Work required:
Using only the entries below, copy exactly the lines that begin at the one with "TowGeom can save" and end at the one with "So today we", both included. Drop the pictures.

Records excerpted from a collection:
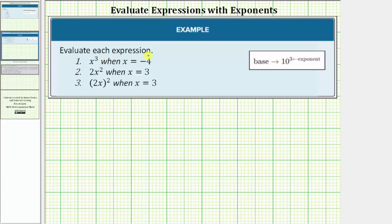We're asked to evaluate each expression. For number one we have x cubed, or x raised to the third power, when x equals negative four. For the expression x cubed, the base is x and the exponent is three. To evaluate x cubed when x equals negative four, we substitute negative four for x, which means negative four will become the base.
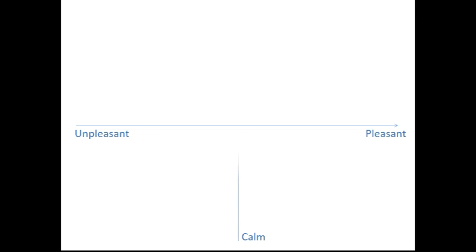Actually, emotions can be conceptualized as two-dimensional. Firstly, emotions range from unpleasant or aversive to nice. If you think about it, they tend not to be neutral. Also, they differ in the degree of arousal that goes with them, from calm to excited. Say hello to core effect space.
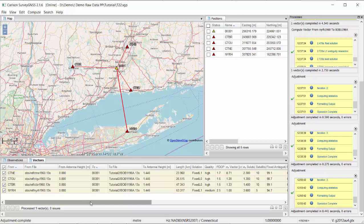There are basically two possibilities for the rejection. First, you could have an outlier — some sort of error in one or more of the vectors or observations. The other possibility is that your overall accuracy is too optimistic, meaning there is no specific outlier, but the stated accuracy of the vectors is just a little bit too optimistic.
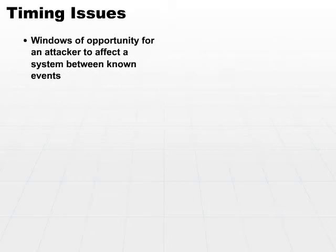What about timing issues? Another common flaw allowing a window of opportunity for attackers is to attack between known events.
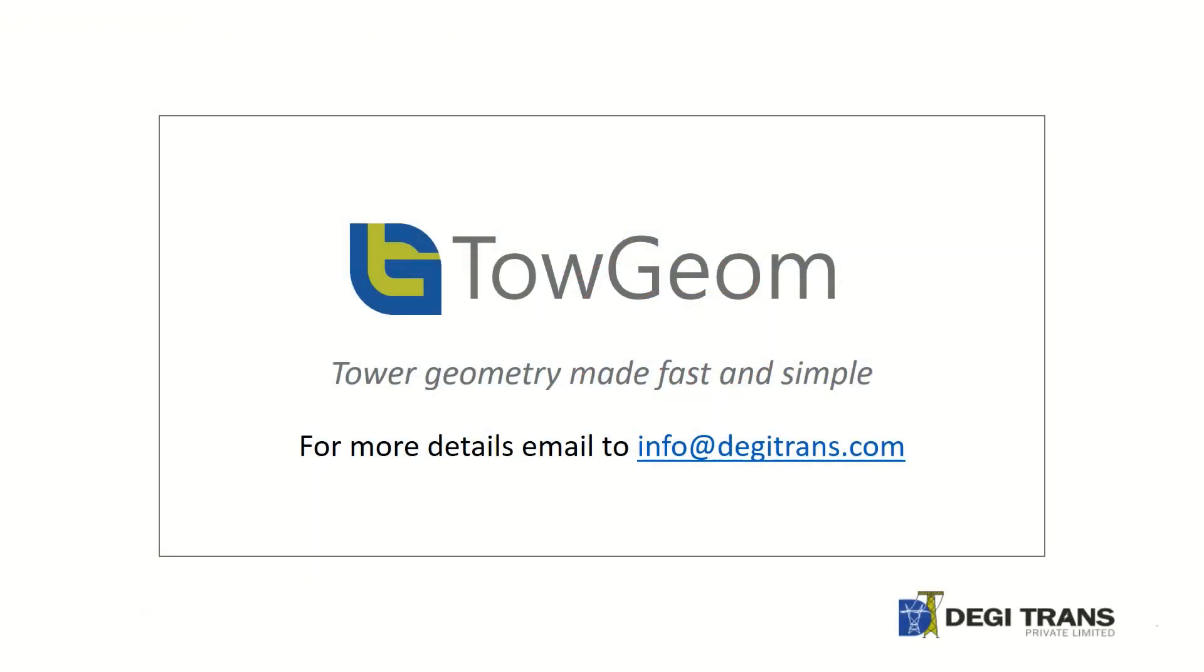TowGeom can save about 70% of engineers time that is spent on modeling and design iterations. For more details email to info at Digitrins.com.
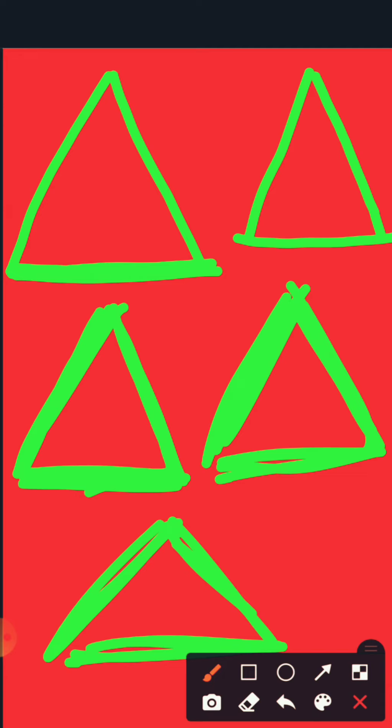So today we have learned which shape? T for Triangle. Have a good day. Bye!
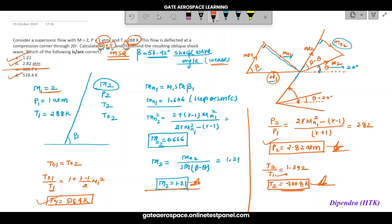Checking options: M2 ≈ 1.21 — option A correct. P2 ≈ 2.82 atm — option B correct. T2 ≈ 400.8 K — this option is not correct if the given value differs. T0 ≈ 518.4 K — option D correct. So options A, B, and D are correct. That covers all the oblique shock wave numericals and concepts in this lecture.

Written reply:
TowGeom can save about 70% of engineers time that is spent on modeling and design iterations. For more details email to info at Digitrins.com.
So today we have learned which shape? T for Triangle. Have a good day. Bye!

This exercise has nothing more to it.